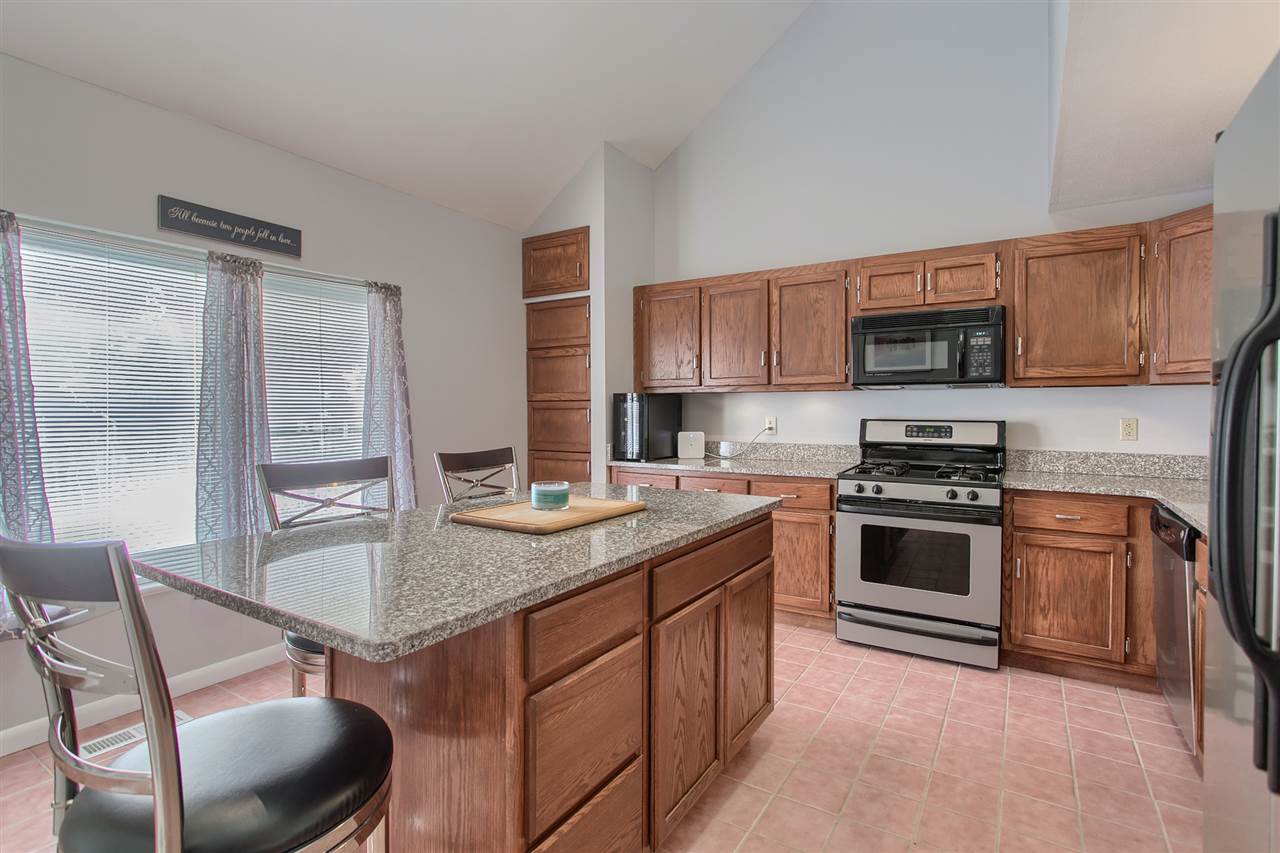 61 Ridgewood Drive, Unit 61 Atkinson, NH 03811 - Photo 3 of 30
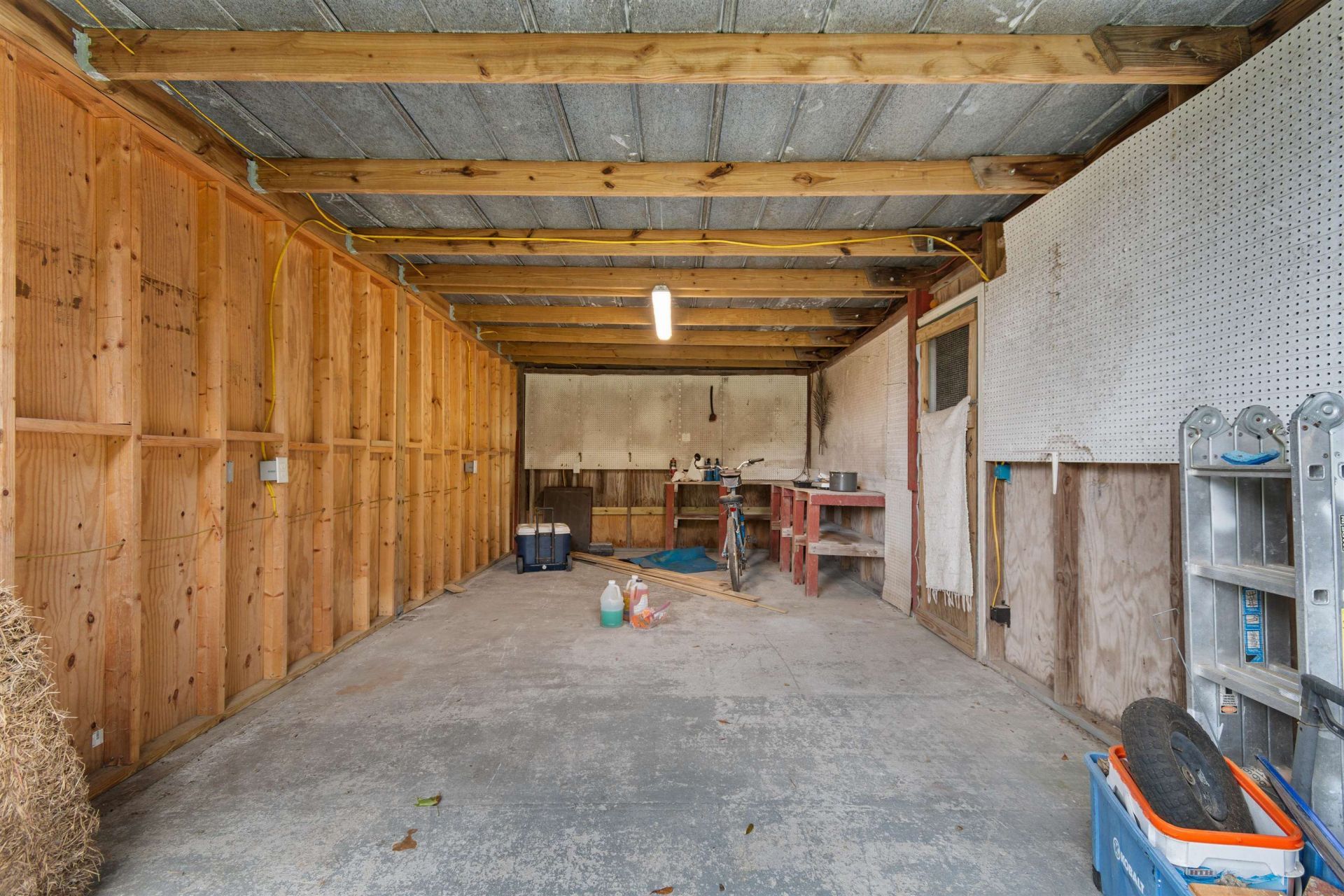 98 Wolf Dr. Photo 32
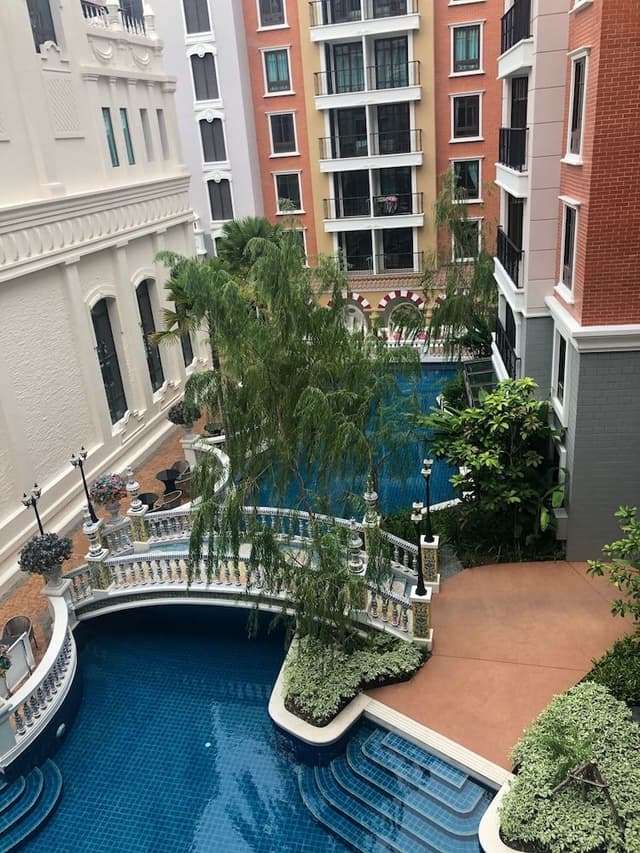 Deluxe Double with Pool View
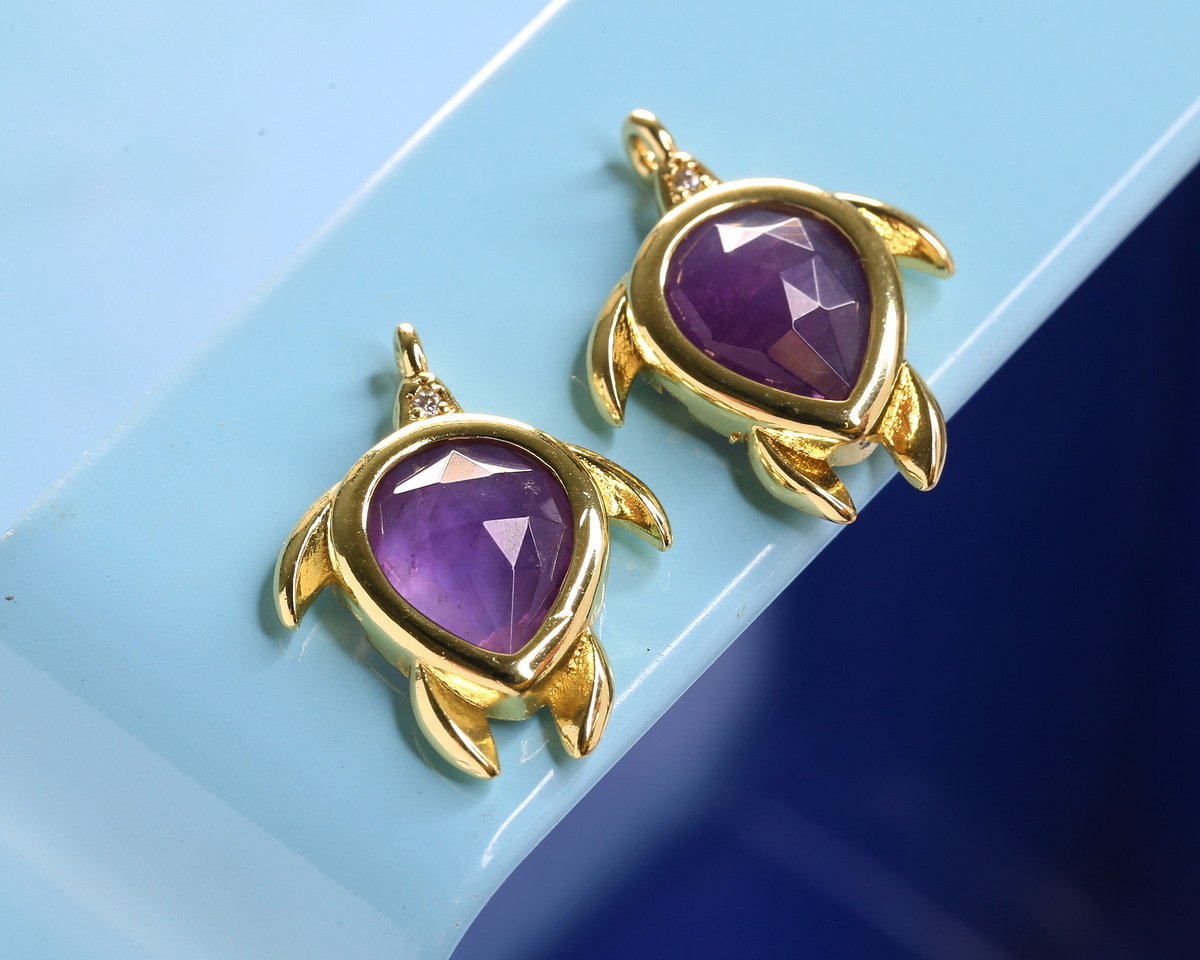 Amethyst w/ Gold Finish Sea Turtle Focal 15x19mm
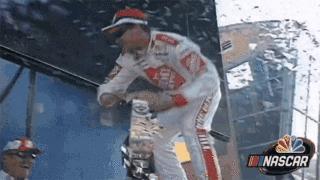 被香槟酒瓶塞打懵是一种什么体验?沙雕们纷纷给出答案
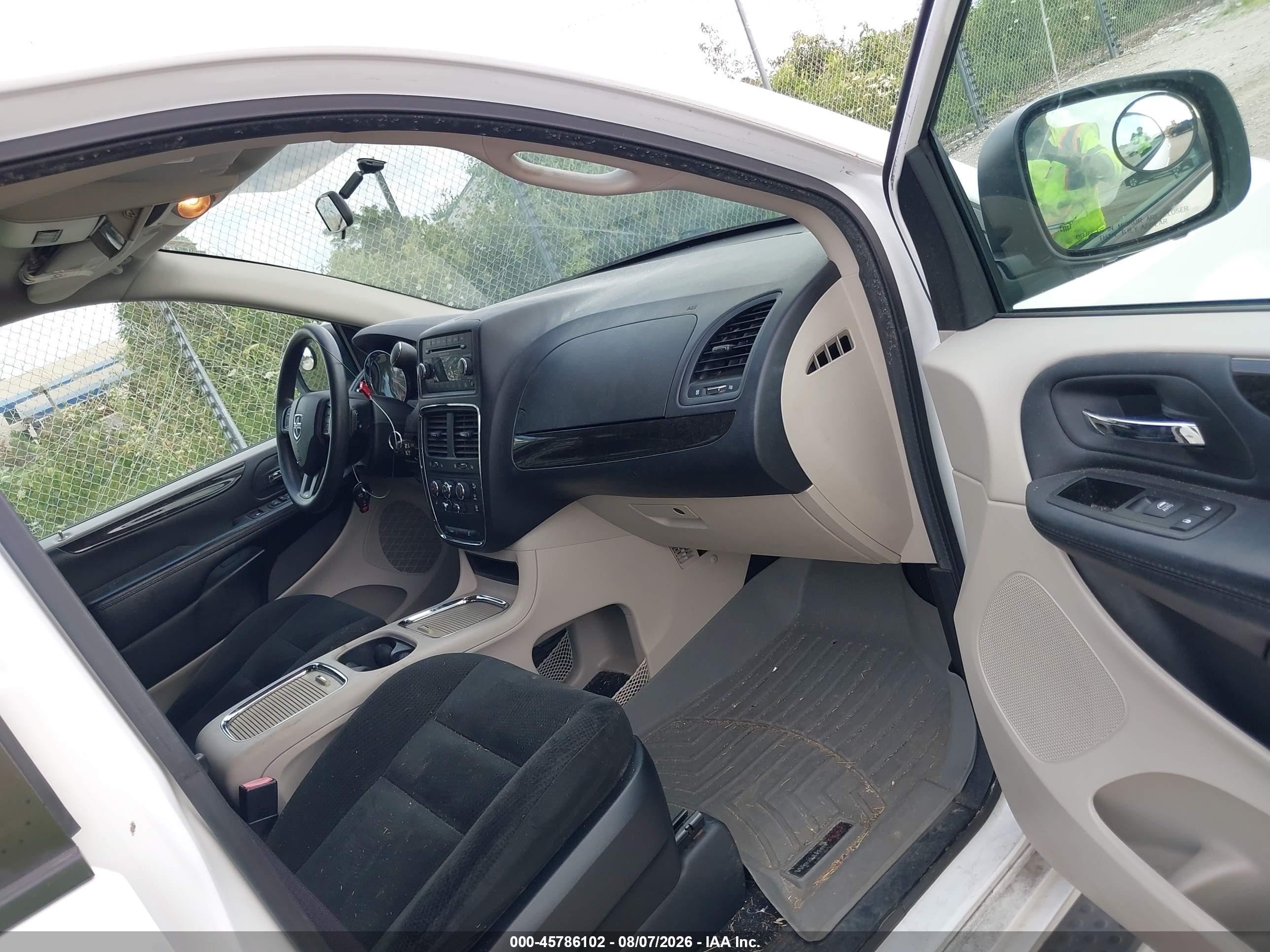 2015 Dodge Grand Caravan Sxt White vin: 2C4RDGCG2FR585305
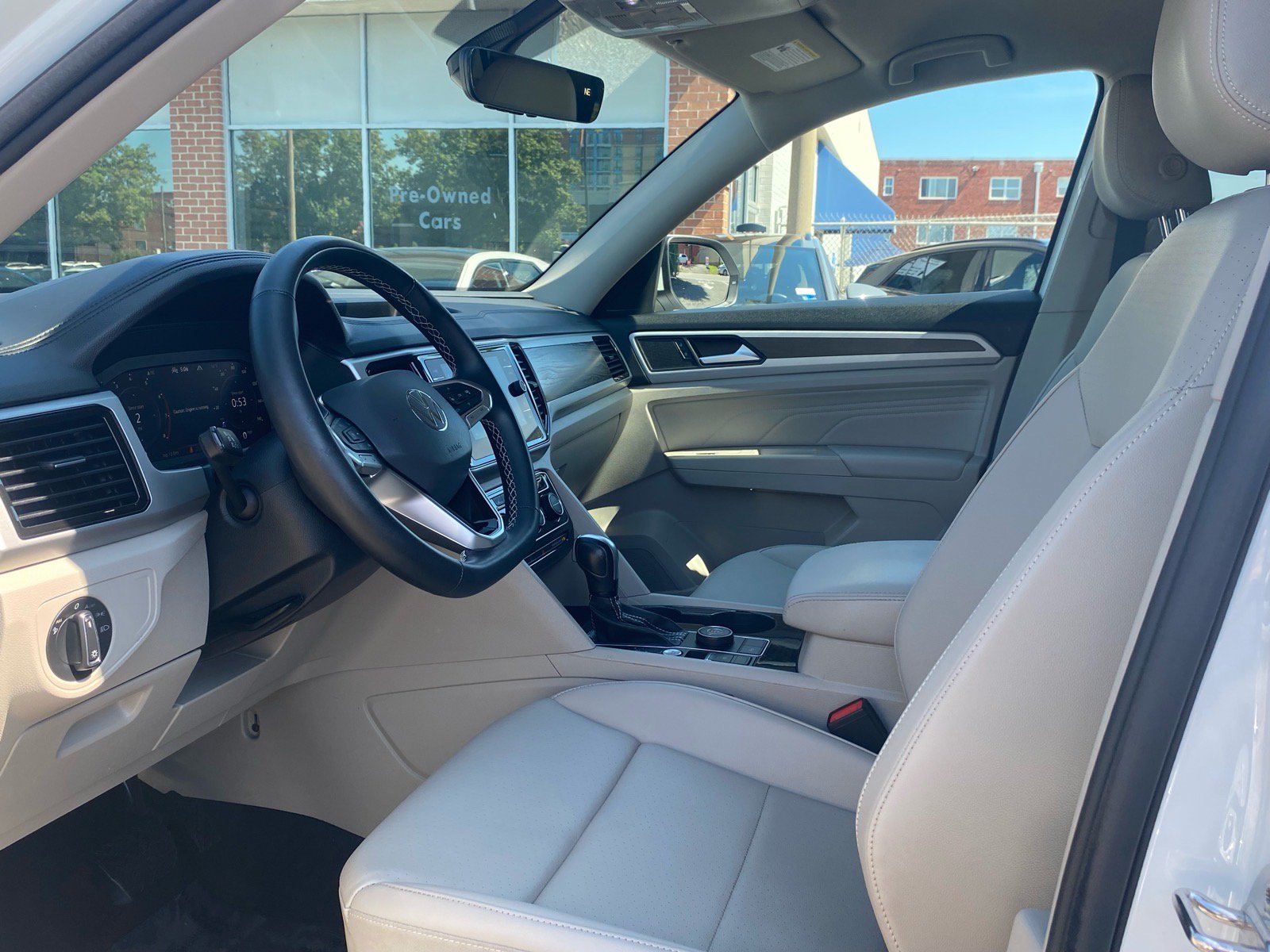 Used 2022 Volkswagen Atlas SE AWD/4WD image 12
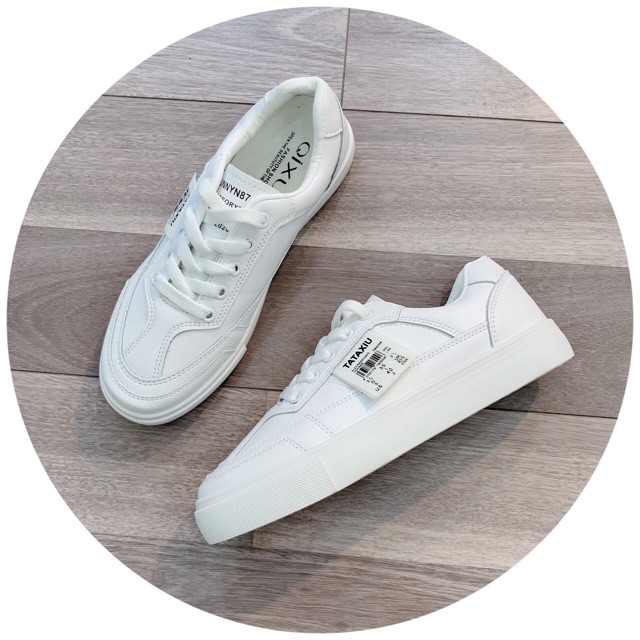 Giày thể thao tem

Exercise details:
Output each line of the listing above, word for word, from the one holding "Used 2022 Volkswagen" through the last line, both included; omit the pictures.

Task result:
 Used 2022 Volkswagen Atlas SE AWD/4WD image 12
 Giày thể thao tem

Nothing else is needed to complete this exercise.